Stored records
=== Section Start ===
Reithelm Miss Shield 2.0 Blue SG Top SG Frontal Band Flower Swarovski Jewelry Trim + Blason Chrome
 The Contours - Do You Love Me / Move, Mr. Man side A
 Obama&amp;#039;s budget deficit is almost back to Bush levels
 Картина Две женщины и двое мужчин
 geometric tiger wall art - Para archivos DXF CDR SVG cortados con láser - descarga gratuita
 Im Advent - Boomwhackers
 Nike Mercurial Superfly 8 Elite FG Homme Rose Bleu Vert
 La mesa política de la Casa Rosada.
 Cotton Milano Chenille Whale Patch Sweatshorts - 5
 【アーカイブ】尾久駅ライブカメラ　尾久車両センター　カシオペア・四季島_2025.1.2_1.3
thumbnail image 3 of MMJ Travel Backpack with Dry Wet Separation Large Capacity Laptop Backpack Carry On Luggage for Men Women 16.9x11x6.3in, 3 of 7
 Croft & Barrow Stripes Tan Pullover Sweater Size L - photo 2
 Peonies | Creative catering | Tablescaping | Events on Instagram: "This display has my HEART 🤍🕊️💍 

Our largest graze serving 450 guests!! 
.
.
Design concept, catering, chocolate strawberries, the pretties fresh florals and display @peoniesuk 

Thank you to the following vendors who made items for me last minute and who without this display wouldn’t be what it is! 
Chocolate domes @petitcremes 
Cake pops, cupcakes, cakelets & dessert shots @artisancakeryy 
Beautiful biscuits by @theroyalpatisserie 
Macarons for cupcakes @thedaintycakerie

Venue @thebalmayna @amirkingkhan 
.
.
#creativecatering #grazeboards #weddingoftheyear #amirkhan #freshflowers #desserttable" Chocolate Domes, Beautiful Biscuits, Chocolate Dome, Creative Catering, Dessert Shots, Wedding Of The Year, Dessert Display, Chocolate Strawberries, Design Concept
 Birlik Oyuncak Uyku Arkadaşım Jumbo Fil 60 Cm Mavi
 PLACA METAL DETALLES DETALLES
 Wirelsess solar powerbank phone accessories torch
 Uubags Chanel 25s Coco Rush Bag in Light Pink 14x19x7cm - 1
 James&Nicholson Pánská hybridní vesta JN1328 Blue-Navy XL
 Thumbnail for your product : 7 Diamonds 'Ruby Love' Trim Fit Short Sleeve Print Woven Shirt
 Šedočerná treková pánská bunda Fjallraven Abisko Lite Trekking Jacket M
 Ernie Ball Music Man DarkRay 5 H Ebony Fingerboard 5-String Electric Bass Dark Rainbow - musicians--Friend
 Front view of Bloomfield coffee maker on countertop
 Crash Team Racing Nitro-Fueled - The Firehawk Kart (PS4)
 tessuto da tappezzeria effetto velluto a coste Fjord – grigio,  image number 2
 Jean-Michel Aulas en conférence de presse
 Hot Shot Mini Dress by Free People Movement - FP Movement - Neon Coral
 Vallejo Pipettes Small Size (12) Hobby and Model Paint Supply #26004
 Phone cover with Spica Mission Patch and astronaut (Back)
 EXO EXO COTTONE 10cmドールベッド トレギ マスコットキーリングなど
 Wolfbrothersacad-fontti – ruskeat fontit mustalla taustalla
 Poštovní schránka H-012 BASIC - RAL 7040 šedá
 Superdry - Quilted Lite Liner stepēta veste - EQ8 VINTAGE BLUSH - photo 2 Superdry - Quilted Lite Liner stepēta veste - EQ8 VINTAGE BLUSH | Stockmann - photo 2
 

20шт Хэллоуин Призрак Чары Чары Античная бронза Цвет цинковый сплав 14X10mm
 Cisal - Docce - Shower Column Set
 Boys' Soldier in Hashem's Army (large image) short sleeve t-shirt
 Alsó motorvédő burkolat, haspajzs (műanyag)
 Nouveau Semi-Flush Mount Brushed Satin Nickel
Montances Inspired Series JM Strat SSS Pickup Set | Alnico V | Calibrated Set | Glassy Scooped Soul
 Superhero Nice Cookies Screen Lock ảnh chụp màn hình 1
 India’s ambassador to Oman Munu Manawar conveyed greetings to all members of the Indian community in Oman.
=== Section End ===
■ PROBLEM REQUIREMENTS ■
Reproduce, exactly as they stand in the data above, the lines from the one that holds "geometric tiger wall" to the one that holds "Wirelsess solar powerbank", inclusive.

■ TASK RESPONSE ■
 geometric tiger wall art - Para archivos DXF CDR SVG cortados con láser - descarga gratuita
 Im Advent - Boomwhackers
 Nike Mercurial Superfly 8 Elite FG Homme Rose Bleu Vert
 La mesa política de la Casa Rosada.
 Cotton Milano Chenille Whale Patch Sweatshorts - 5
 【アーカイブ】尾久駅ライブカメラ　尾久車両センター　カシオペア・四季島_2025.1.2_1.3
thumbnail image 3 of MMJ Travel Backpack with Dry Wet Separation Large Capacity Laptop Backpack Carry On Luggage for Men Women 16.9x11x6.3in, 3 of 7
 Croft & Barrow Stripes Tan Pullover Sweater Size L - photo 2
 Peonies | Creative catering | Tablescaping | Events on Instagram: "This display has my HEART 🤍🕊️💍 

Our largest graze serving 450 guests!! 
.
.
Design concept, catering, chocolate strawberries, the pretties fresh florals and display @peoniesuk 

Thank you to the following vendors who made items for me last minute and who without this display wouldn’t be what it is! 
Chocolate domes @petitcremes 
Cake pops, cupcakes, cakelets & dessert shots @artisancakeryy 
Beautiful biscuits by @theroyalpatisserie 
Macarons for cupcakes @thedaintycakerie

Venue @thebalmayna @amirkingkhan 
.
.
#creativecatering #grazeboards #weddingoftheyear #amirkhan #freshflowers #desserttable" Chocolate Domes, Beautiful Biscuits, Chocolate Dome, Creative Catering, Dessert Shots, Wedding Of The Year, Dessert Display, Chocolate Strawberries, Design Concept
 Birlik Oyuncak Uyku Arkadaşım Jumbo Fil 60 Cm Mavi
 PLACA METAL DETALLES DETALLES
 Wirelsess solar powerbank phone accessories torch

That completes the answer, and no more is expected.